Which one are you?
Difference between Amateur and Professional Traders
Trading isn’t an easy profession and maybe one of the toughest professions because it needs significant psychological training. Human beings are by nature adamant and egoistic. That’s the exact nature that does not enable them to build a successful trading career.
However, there is a bridge from being a loss-making amateur trader to becoming a professional trader and it always starts with psychology.
In order to establish the role of psychology, or rather incorrect psychology, on trading, let’s first understand how amateur traders behave and trade. Here are a few characteristics of amateur traders and how professional traders differ.
Money oriented vs Process oriented
Newbies generally turn to trading for the lure of money. If they get initial success trading randomly, they get hooked.
There is no denying that the objective of trading is to make money, but if one gets fixated on the money part of the game, it affects the trader psychologically and all the decisions then are made with greed or fear, which is not an optimum setting for a trader.
Professional traders, on the other hand, swear by their process. Their aim is to screen for trading opportunities that can give them a return multiple times the risk they take, entering and exiting at the best time to pocket the differential while managing the risk tightly. While the final outcome is money, the aim to master the process of making money.
If an amateur trader makes a slight change in this aspect of trading and shift focus from money to the process, a lot of things will change. Streamlining the trading means eliminating emotions from trading, which is a prerequisite for successful trading.
Letting losses run vs cutting losses short
Amateur traders always have a loss aversion mentality. They would do anything to not book a loss and save themselves the pain. The seed of holding losses gets sown when the new traders get away with it a few times in good market conditions. They then hold on to losses each time, thinking that the market will keep saving them.

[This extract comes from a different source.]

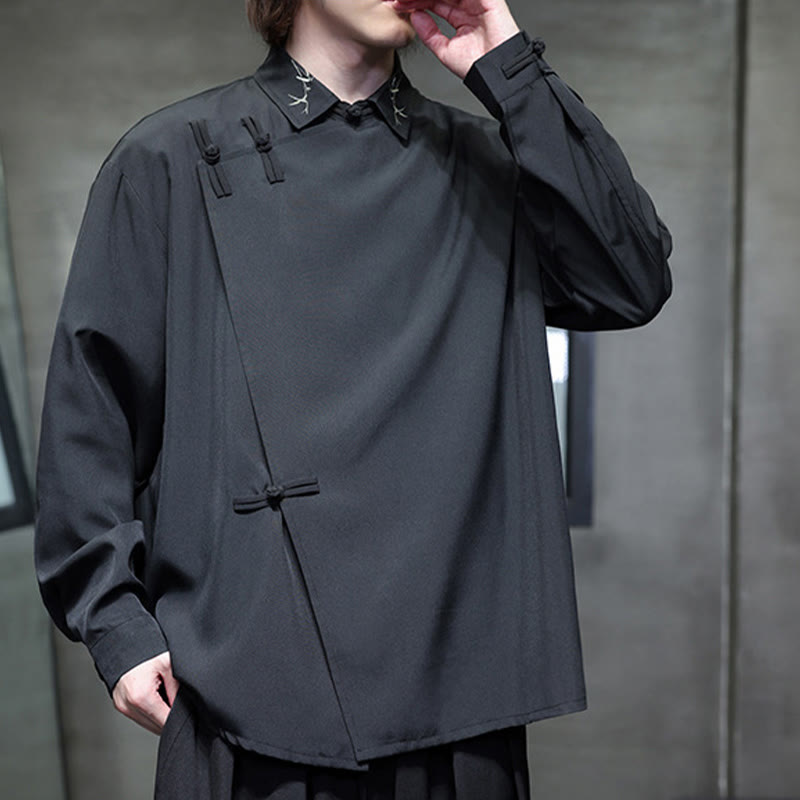 Camisa de manga larga para hombre con diseño de rana china, color puro y bordado con Buddha Stones y solapa. - image 4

Professional traders have a mechanical view on stop losses. They are out of the position as soon as the price hits the stop loss. There’s no waiting or hoping.
Strict stop losses are an important element of risk management in trading. If you do not take the loss when it is small, you will eventually take a much bigger loss. You have to become an expert in taking small losses to be a successful trader.

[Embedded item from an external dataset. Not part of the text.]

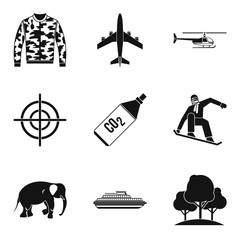 Overalls icons set, simple style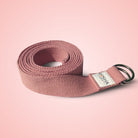 extra long yoga strap with buckle made from organic cotton in peash colour by kosha yoga co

Taking profits too soon vs letting profits run
Amateur traders, while holding on to losses will also take the profits too soon on the right trades. The bigger losses and lower profits math doesn’t work well in any business, and it certainly doesn’t work in trading.
Professional traders, on the other hand, get their trading math right. They cut the losses short, risk less, and let the profits run to make outsized gains relative to the risk taken. That way even when they are right less than half the time, they make a fortune.
To be a successful trader, you must get this math right. The leverage comes from large gains and small losses and not the other way round.
The aim is for minimal losses and maximum reward, not maximum losses and minimal reward....
Ignoring mindset vs Working on the mindset
Mindset is an important aspect of successful trading. Amateur traders, when they hit a series of losses would quit trading saying that the game is rigged in favour of large traders. They never work on improving their trading skills or preparing more for the game. They carry on their life with a loser’s mindset.
Professional traders, however, work each day on their mindset telling themselves that they can achieve a lot if they work for it. Their mind and their actions are always in sync.
To be a successful trader, a progressive and adaptable mind is important. You have to stop demotivating yourself and you need to believe in yourself. You need to tell yourself that you can achieve unimaginable heights if you work harder for it.
Ignoring mistakes vs learning from mistakes
Amateur traders never go back to the drawing board and move on from one trade to the next without taking the necessary lessons from their bad trades. If you cant do that, you keep on making the same mistakes again and again, putting yourself in the imperfect practice mode. It can be disastrous if that becomes a habit.
Professional traders tend to do post-analysis of their trades on a regular basis to look for what they did wrong and where they were right. Improving the process and eliminating avoidable mistakes is quite an important aspect of trading. One less mistake is one more leak patched and a lot of money saved. Imagine what you can achieve if you eliminate the most possible mistakes in trading? You will cap the downside significantly while working on and opening up the unlimited upside.
The final word
The journey from amateur to professional can be short or long, depending on how you approach it. If you see trading as a casual hobby, it will remain a hobby and keep costing you money, just like most hobbies. If you see it as a business that needs profit maximization and loss minimization, you will make all the possible changes to make profitable trading a reality.
The journey to successful trading can be quite short if you don’t make big mistakes and learn from your mistakes quickly. Better yet, if you learn from other successful traders and from the mistakes they made in their careers you would be a hundred steps ahead in the game.
The price you pay to graduate from being an amateur to a professional trader is quite small if you consider the rewards that successful trading brings. All you have to do is diligently work for it and improve your game one step at a time. So, keep on it and succeed, as just deciding to push harder keeps you ahead of thousands of traders who quit every day.